Best of all, Royal Flash keeps the tone of its source material. Royal Flash is, on its surface, your typical period swashbuckling picture. All of the expected tropes are there; daring swordfights, clever dialogue, swinging from the chandelier and crashing through windows. However, once again the nature of our “hero,” and the fact that he’s no better than his enemies, turns the paradigm on its head. The end result is something that is both familiar, and yet surprising. The climactic battle, especially, plays out like an Errol Flynn movie gone very, very wrong.

Of course, all of this wouldn’t be anything without a good cast. Fortunately, that’s not an issue here. The Royal Flash cast is packed with well knowns and up and comers, all of whom do a fantastic job. However, there are two actors in particular I would like the address. The first is Malcolm McDowell.

I will confess when I first heard there was a Flashman movie, McDowell was not the first actor to come to mind for the lead. However, after having seen him I have trouble picturing anyone else in the role. In appearance and personality and mannerism, McDowell is Flashman almost exactly as I imagine him from the books. Admittedly, movie being a different medium, the part had to be a bit more visually blatant about Flashman’s personality than the books. However, the script and McDowell strike the perfect balance; it is obvious to us, the audience, what Flashman truly is, yet it is also easy to see why so few others have caught on.

The other individual I would like to address is Alan Bates as Rudi von Sternberg, Bismarck’s right hand man on the Strackenz project. Rudi is fully Flashman’s equal in everything but courage (Rudi actually has some), and is the main foil for Flashman. The two actors bounce off each other wonderfully. Also, Rudi is given some of the movie’s best lines, which he delivers perfectly.

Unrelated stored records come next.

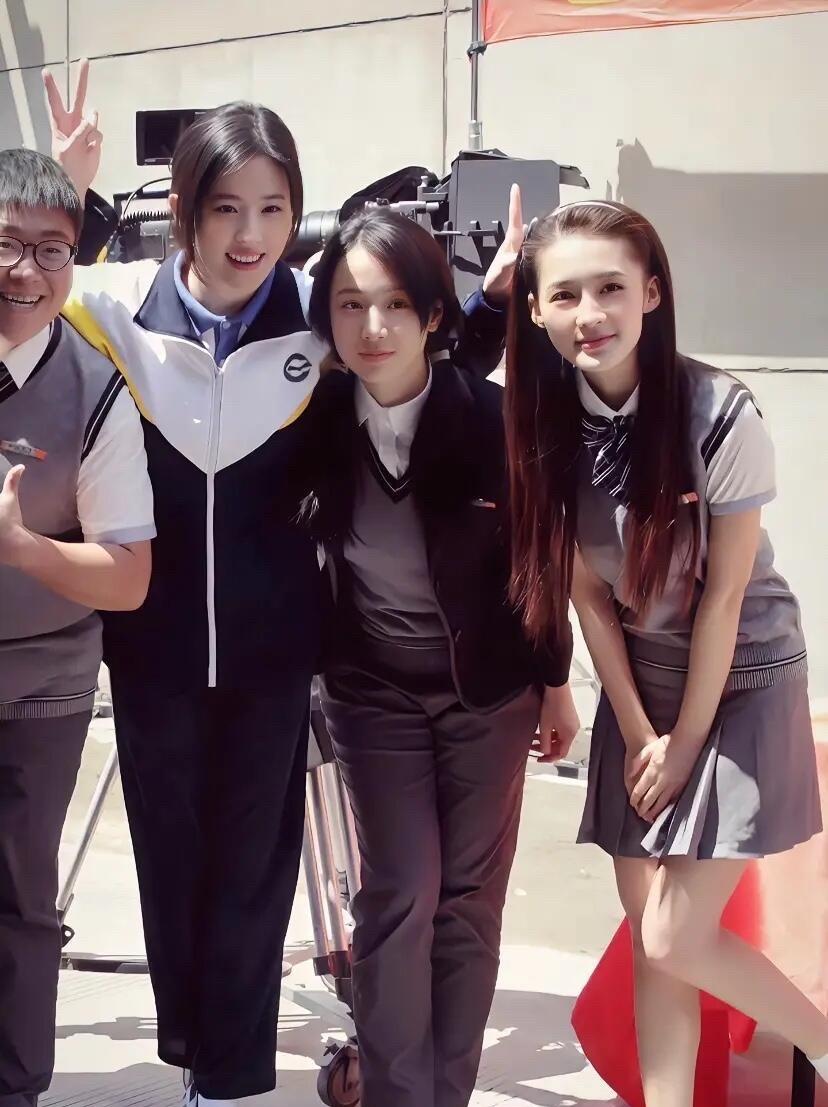 三位女演员的同框中，这一次最美的不是穿校服的刘亦菲，也不是穿裙子的李沁，而是中间
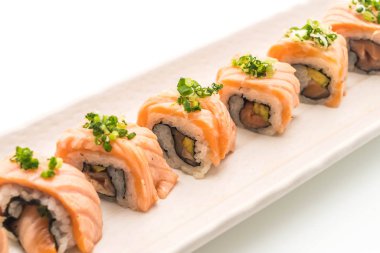 ızgara somon suşi roll - Japon gıda tarzı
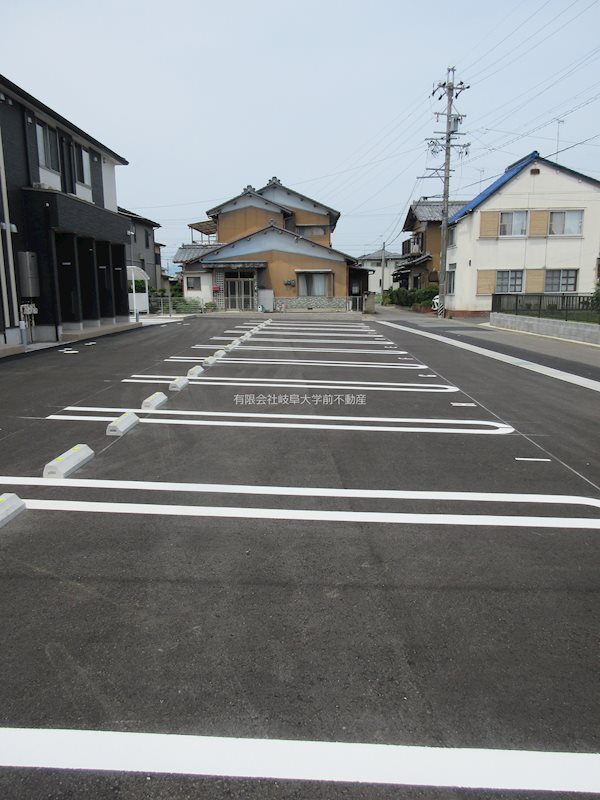 ノワレット 駐車場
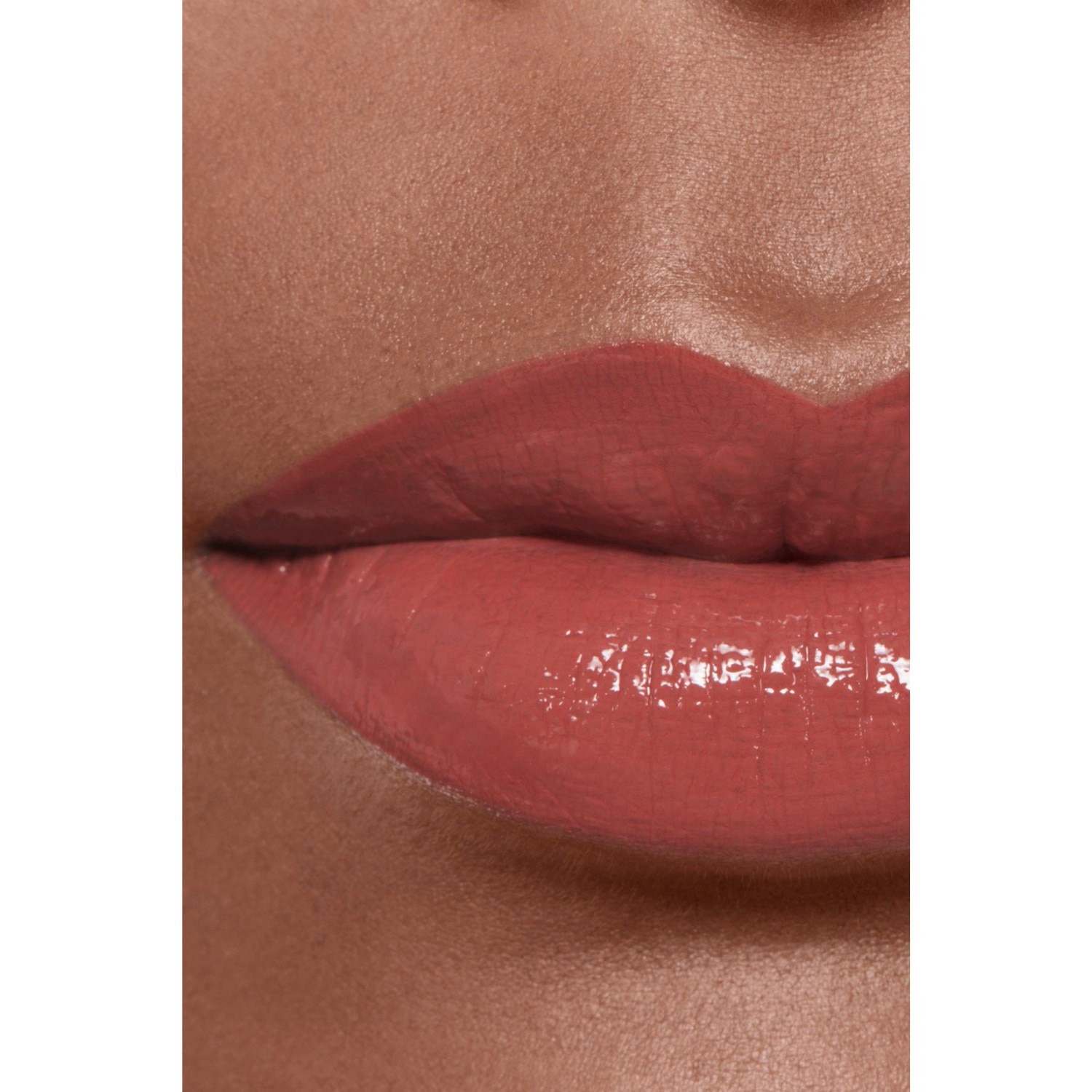 LA BARRA DE LABIOS LÍQUIDA BRILLANTE DE LARGA DURACIÓN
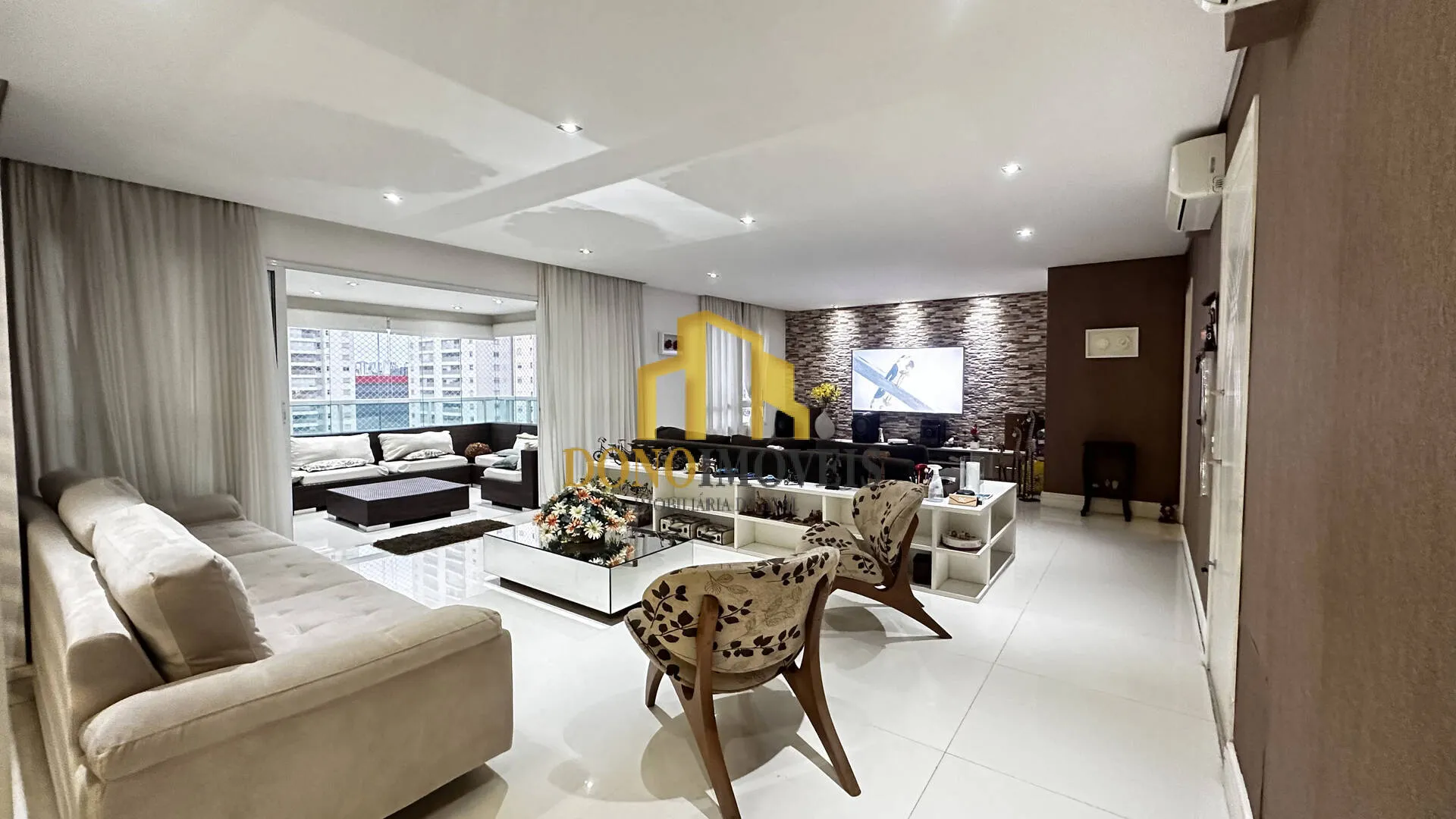 Imagem Apartamento para Venda e Locação no Domo Prime | 237m² | 3 Suítes | Centro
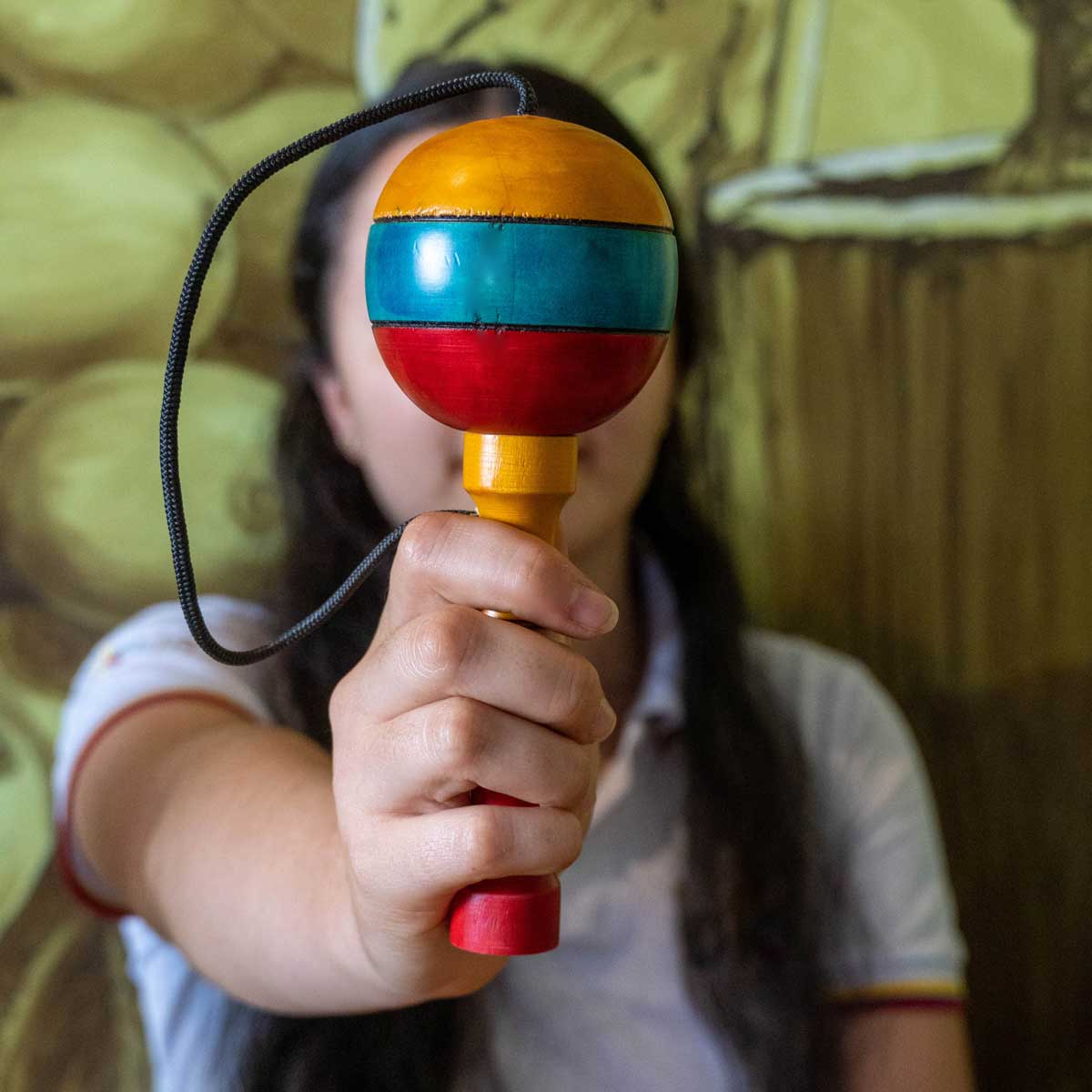 Balero | coca | pirinola de madera artesanal, juego tradicional colombiano que desarrolla coordinación y precisión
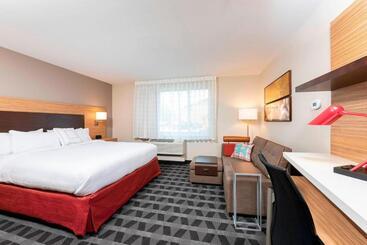 هتل Towneplace Suites By Marriott Louisville North
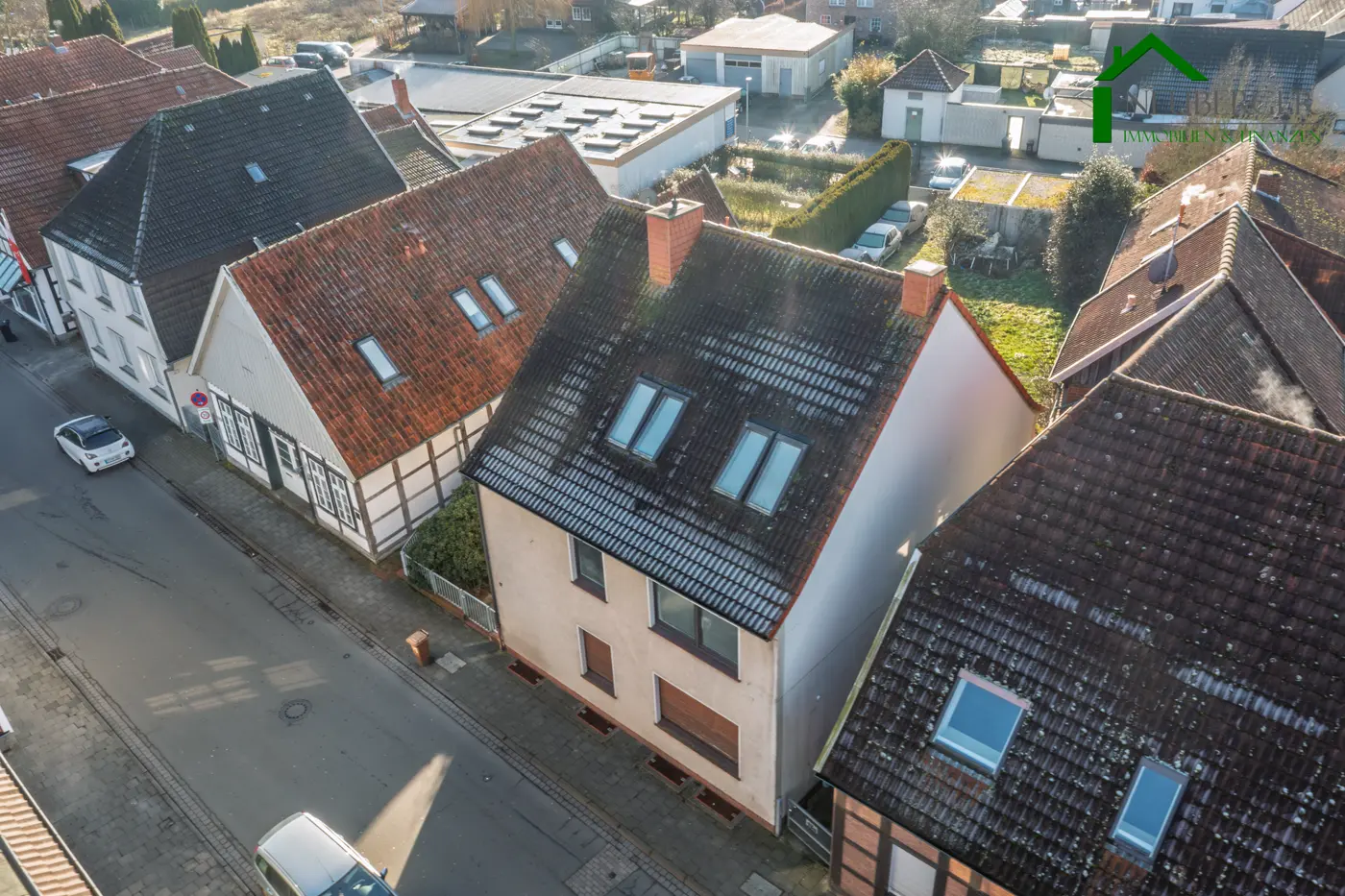 Solides Mehrfamilienhaus mit 3 Wohneinheiten, 4 Garagen und Entwicklungspotenzial – Bild 3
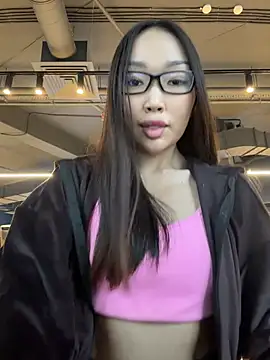 trytomakememoam webcam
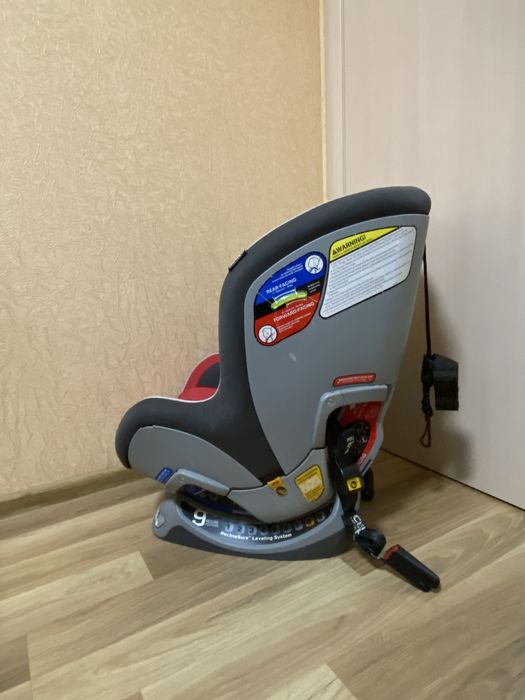 Автокресло Chicco Nextfit с 2,5 до 30 кг, с рождения до 8 лет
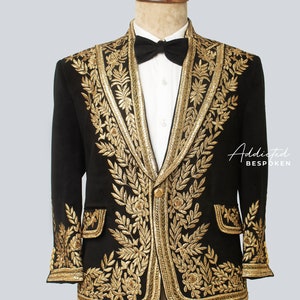 Men Bespoke Designer 2 Piece Wedding Suit Cocktail Attire Black Velvet Jacket Peak Lapel Gold Embroidered Trousers Grooms Wedding Prom Suit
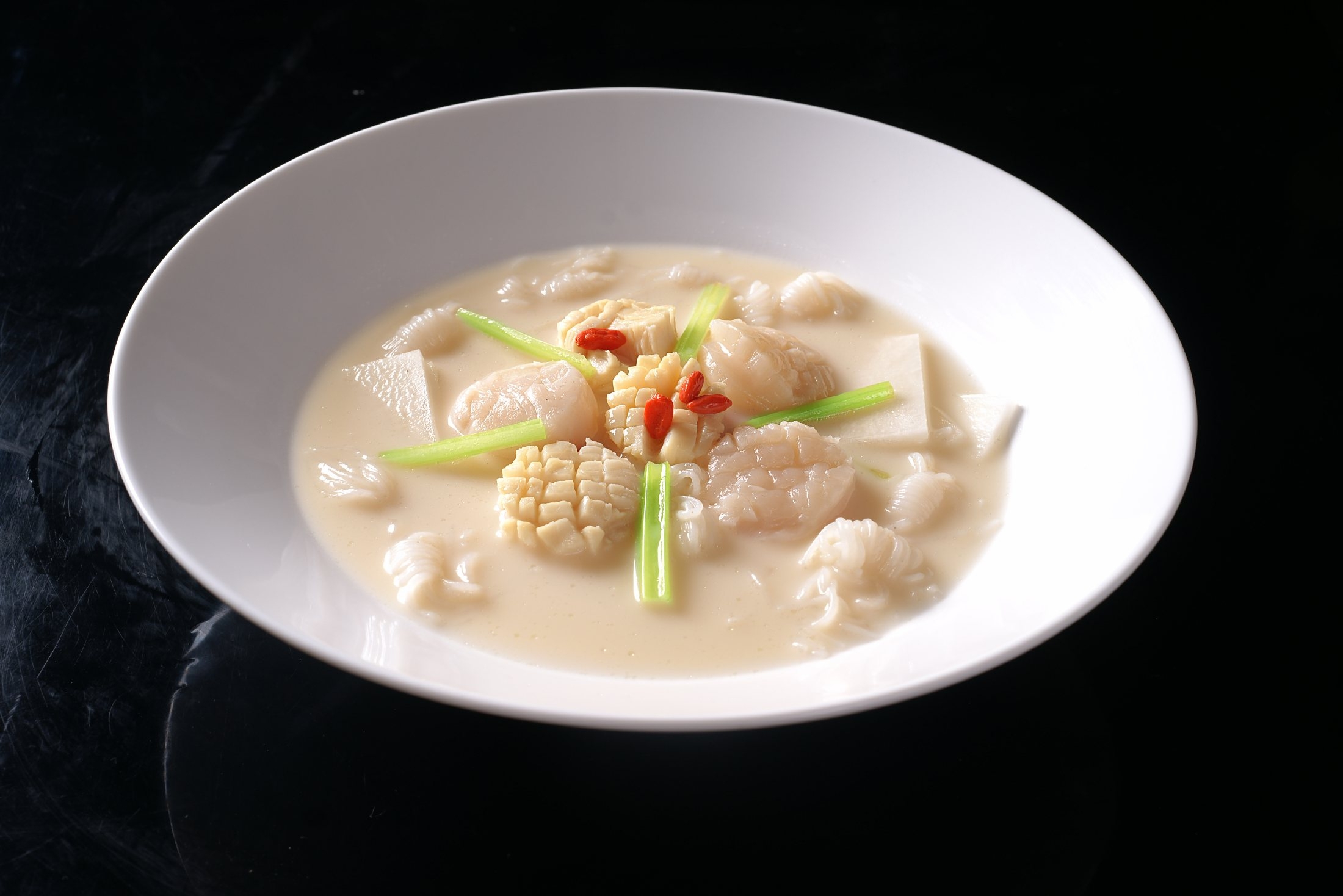 餐饮美食玉液浸大元宝高清图片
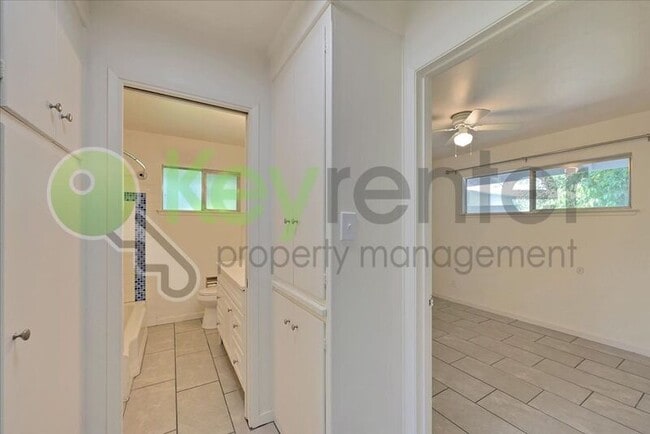 Building Photo - 6705 Greenback Ln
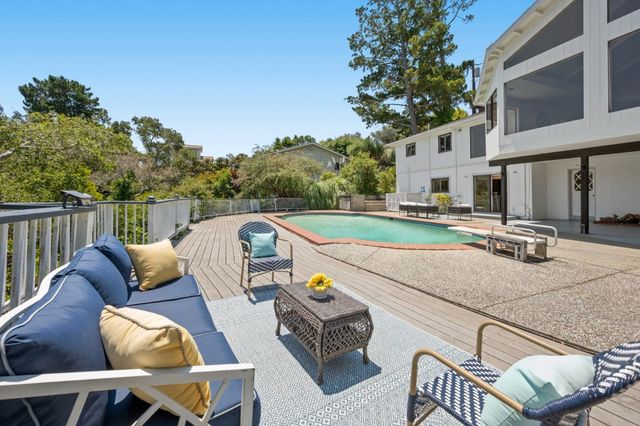 1407 Carlton Road, Hillsborough, CA 94010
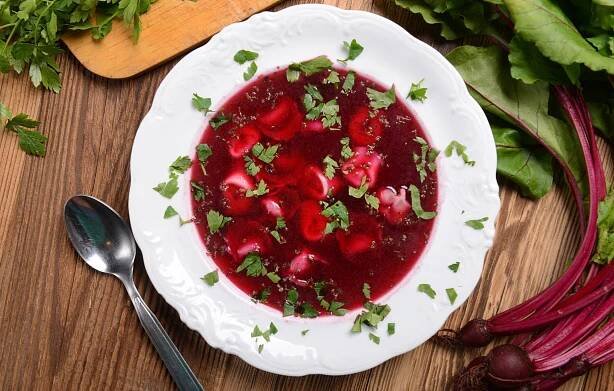 Boršč: recept na polévku, která zahřeje a zasytí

In conclusion, I would like to say that Royal Flash works as both a portrayal of the original book and as a fun (although perverse and subversive) stand alone period swashbuckler movie. After seeing how this movie turned out, I'm rather disappointed that they never made any more. If you are a fan of the books, you should definitely see this movie. If you aren’t familiar with the books, but you enjoy swashbuckler movies; or you’d like to see what a classic Errol Flynn movie would look like if Flynn played a total bastard, see Royal Flash.